## What is being asked
Retype the lines below exactly, but only those from the line that has "Hyundai Bayon 1.0" through the line that has "Vdb San francisco". Omit every picture.

Short web captions
◇ ◇ ◇ ◇ ◇

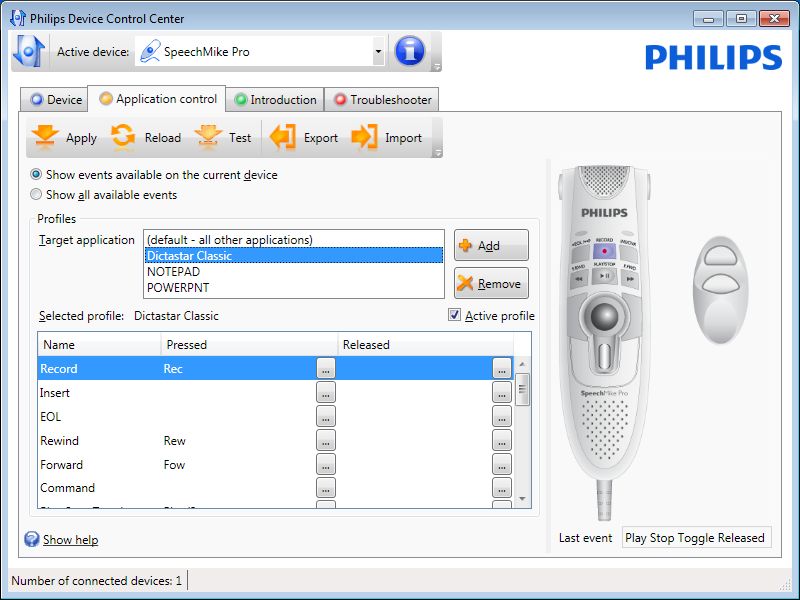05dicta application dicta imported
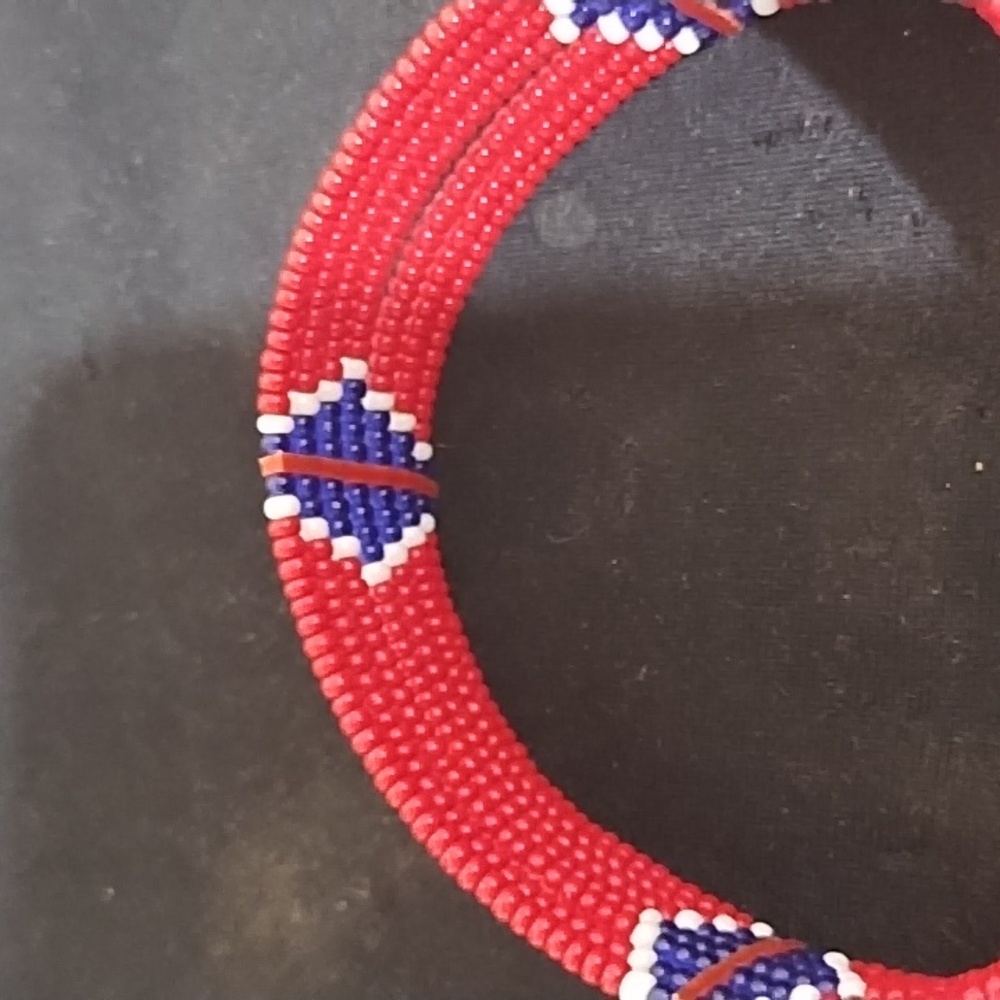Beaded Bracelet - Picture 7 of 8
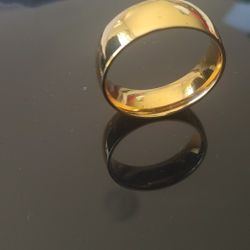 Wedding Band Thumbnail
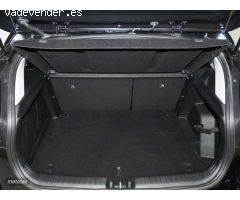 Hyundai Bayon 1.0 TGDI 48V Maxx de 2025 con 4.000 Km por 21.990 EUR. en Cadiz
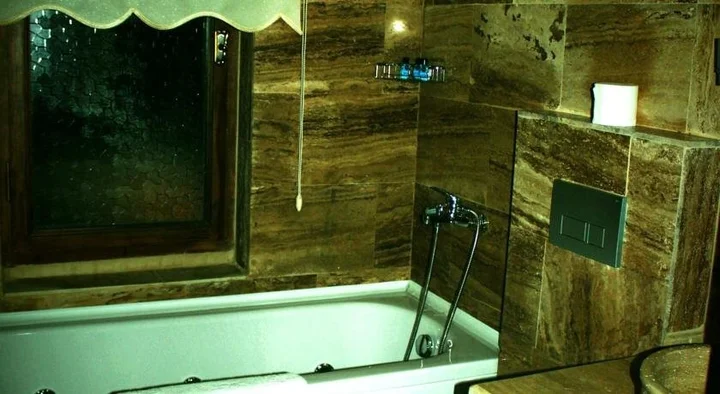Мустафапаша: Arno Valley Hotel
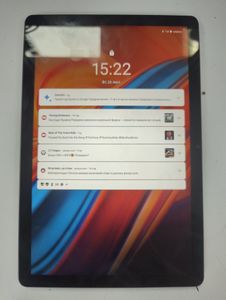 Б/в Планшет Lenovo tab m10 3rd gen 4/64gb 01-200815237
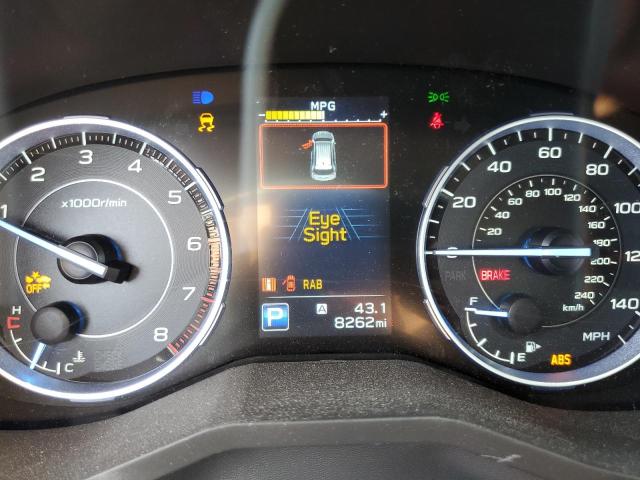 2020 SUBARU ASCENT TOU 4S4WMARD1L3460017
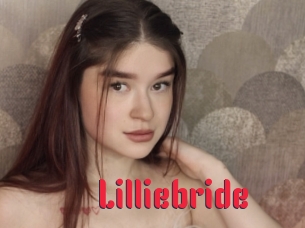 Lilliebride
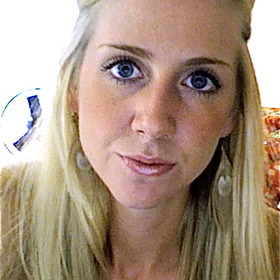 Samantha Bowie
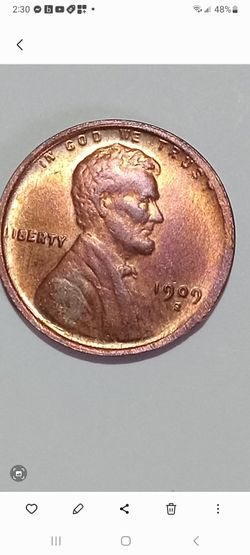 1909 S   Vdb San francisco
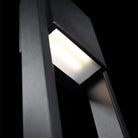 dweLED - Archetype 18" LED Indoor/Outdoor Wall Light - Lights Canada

◇ ◇ ◇ ◇ ◇

## Problem solution
 Hyundai Bayon 1.0 TGDI 48V Maxx de 2025 con 4.000 Km por 21.990 EUR. en Cadiz
Мустафапаша: Arno Valley Hotel
 Б/в Планшет Lenovo tab m10 3rd gen 4/64gb 01-200815237
 2020 SUBARU ASCENT TOU 4S4WMARD1L3460017
 Lilliebride
 Samantha Bowie
 1909 S   Vdb San francisco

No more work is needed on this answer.